**Prompt**
Every line from the one holding "Carte des offres" through the one holding "Wall Clock Digital" in the data below must be returned exactly, both ends included, with pictures left out and nothing else added.

**Exercise data**
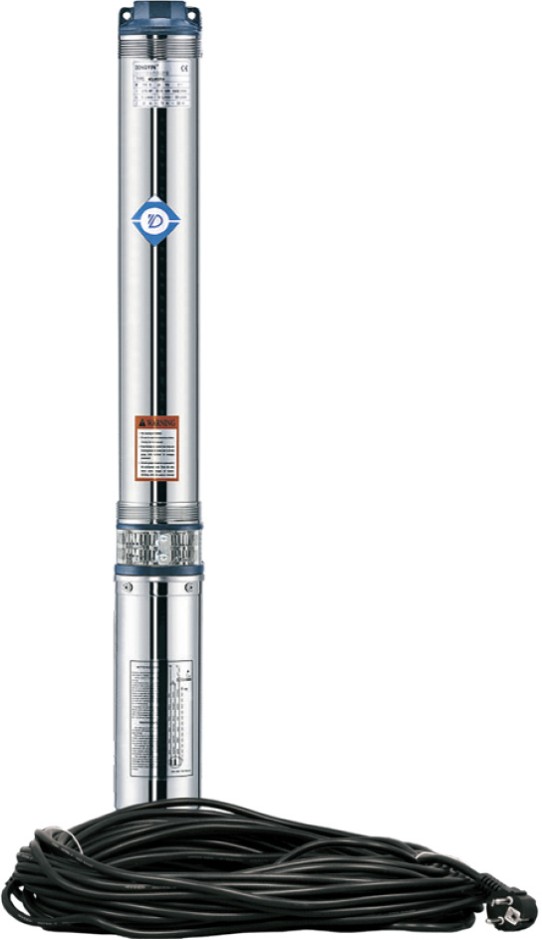 Скважинный насос Dongyin 1.5 кВт H 169(131) м Q 55(35) л/мин Ø102 мм 20 м кабеля mid (778447)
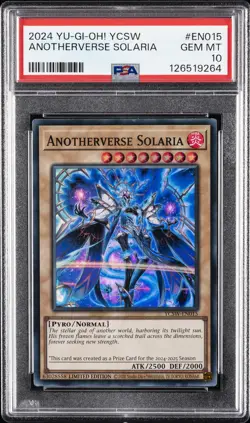2024 YU-GI-OH! YCSW-CHAMP SER #EN015 ANOTHERVERSE SOLARIA PSA 10 - Image 1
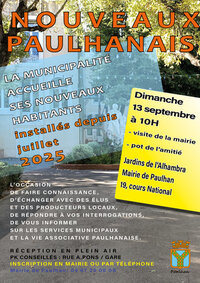 CEREMONIE ACCUEIL NOUVEAUX PAULHANAIS à Paulhan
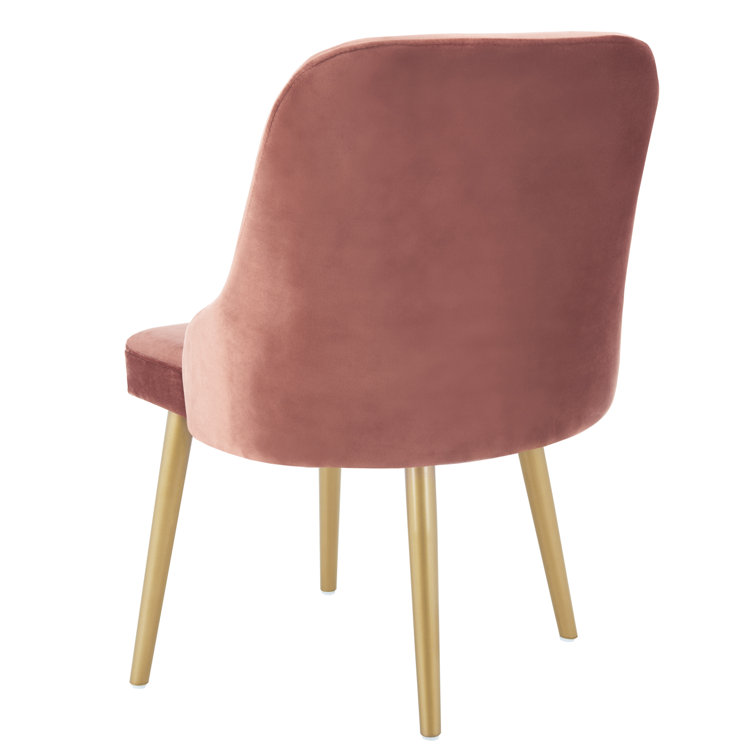 Dusty Rose Velvet Upholstered Side Chair with Gold Legs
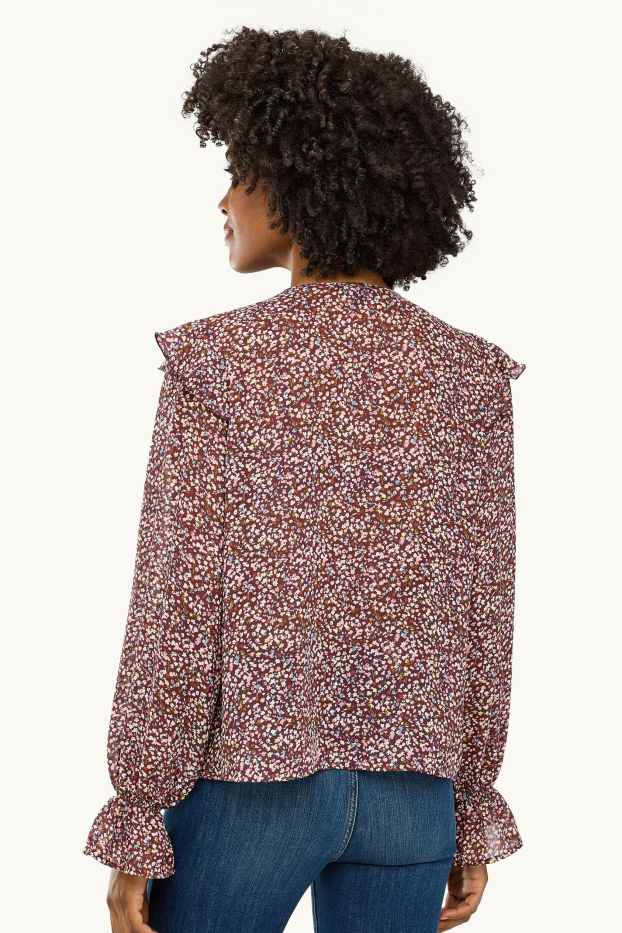 Dames - Blouse van chiffon - gebloemd - bruin / roze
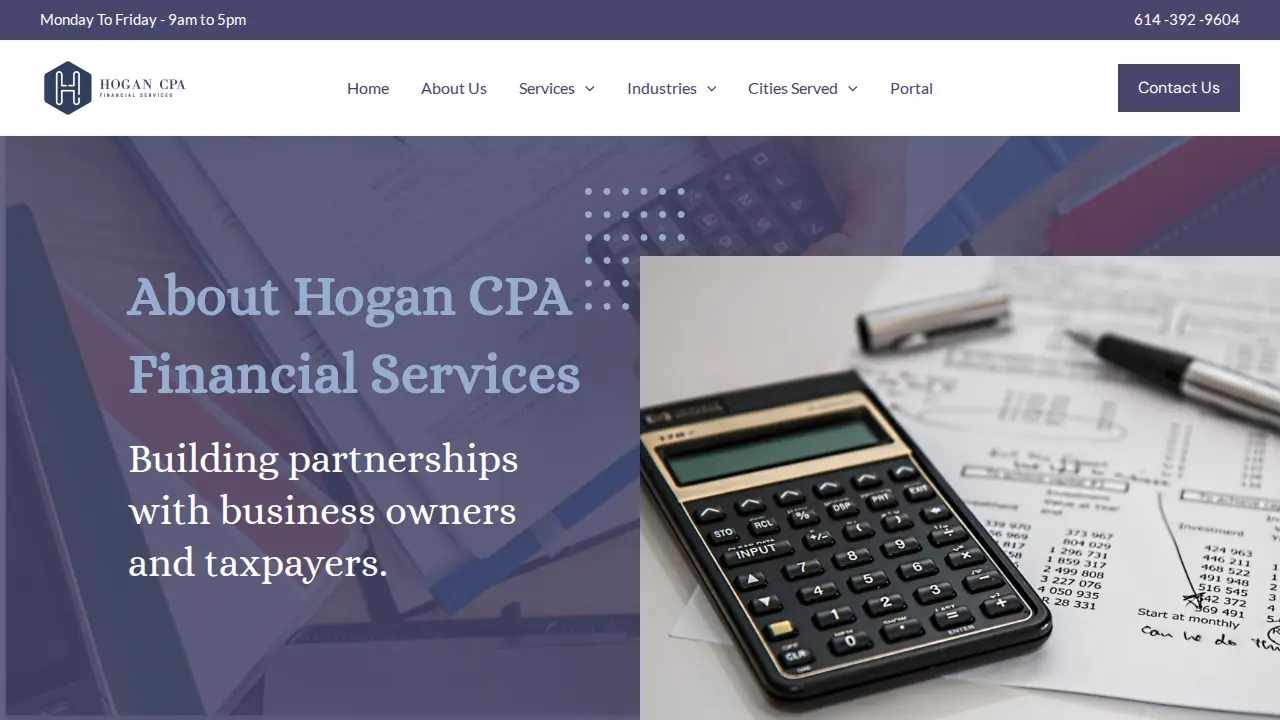 Hogan CPA Financial Services page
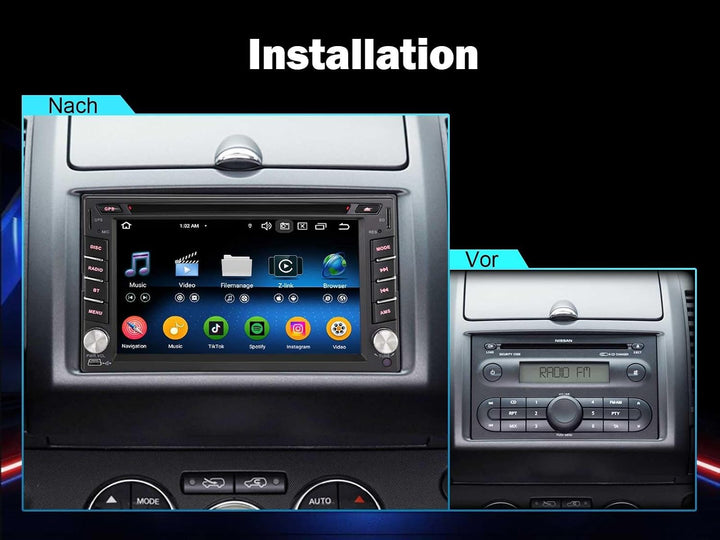Erisin 4GB+64GB Android 16 Autoradio Bluetooth für Nissan &amp; 2 DIN Universal
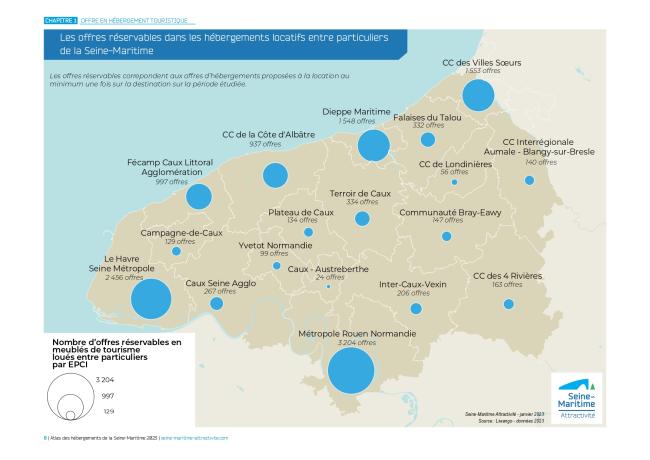 Carte des offres réservables dans les hébergements locatifs entre particuliers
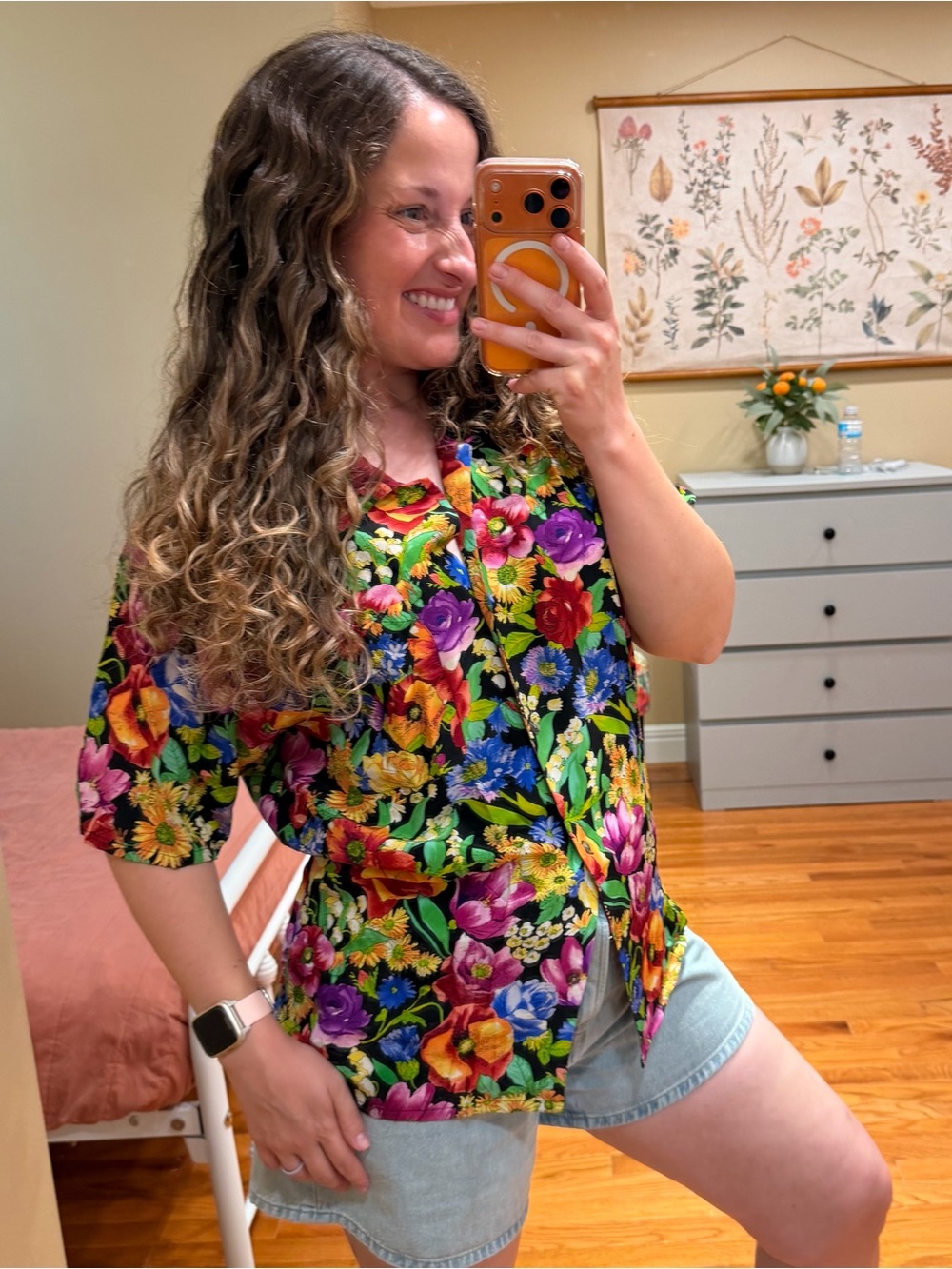 Vintage The Limited Silk Floral Button-Front Women’s Top - Black Multi Small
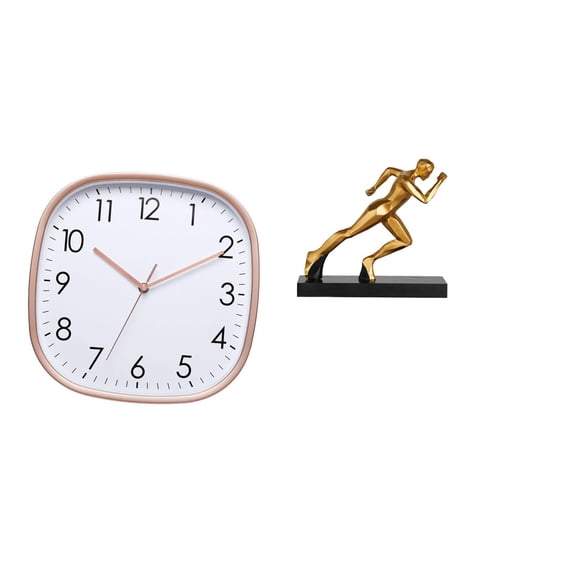 Wall Clock Digital Runner Statue Abstract Art Large Size Low Noise Suitable for Dining Room Gym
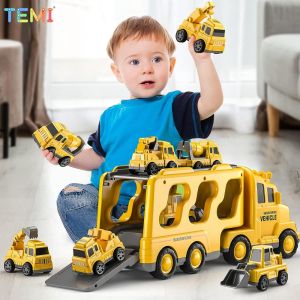 TEMI 5 in 1 Diecast Carrier Truck Toys Cars Engineering Vehicles Bulldozer Truck Model Sets Kids Educational Boys For Toys
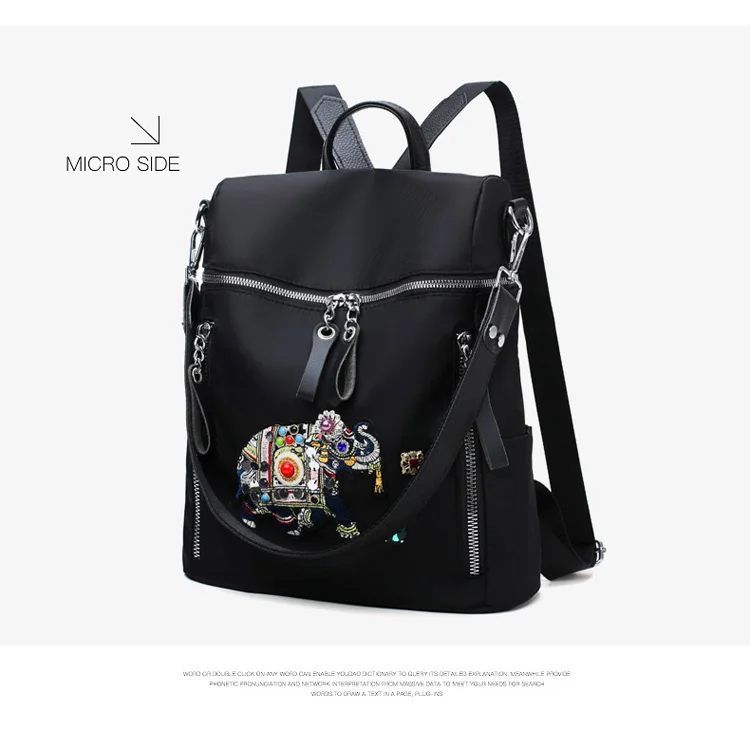 Vadim черная сумка с рисунком слона, женский рюкзак, многофункциональный женский рюкзак, роскошные дорожные сумки, женский рюкзак
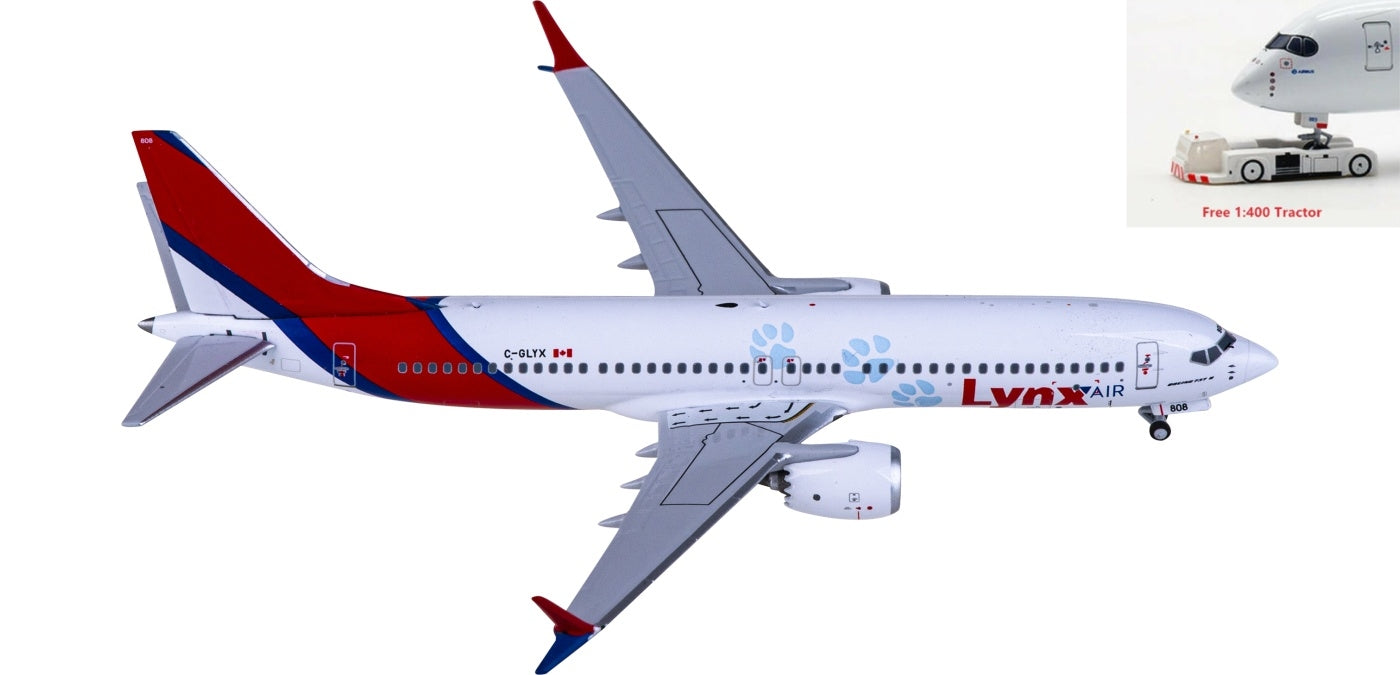 1:400 NG Models NG88028 Lynx Air Boeing 737 MAX 8 C-GLYX Aircraft Model+Free Tractor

**Reply**
 Carte des offres réservables dans les hébergements locatifs entre particuliers
 Vintage The Limited Silk Floral Button-Front Women’s Top - Black Multi Small
 Wall Clock Digital Runner Statue Abstract Art Large Size Low Noise Suitable for Dining Room Gym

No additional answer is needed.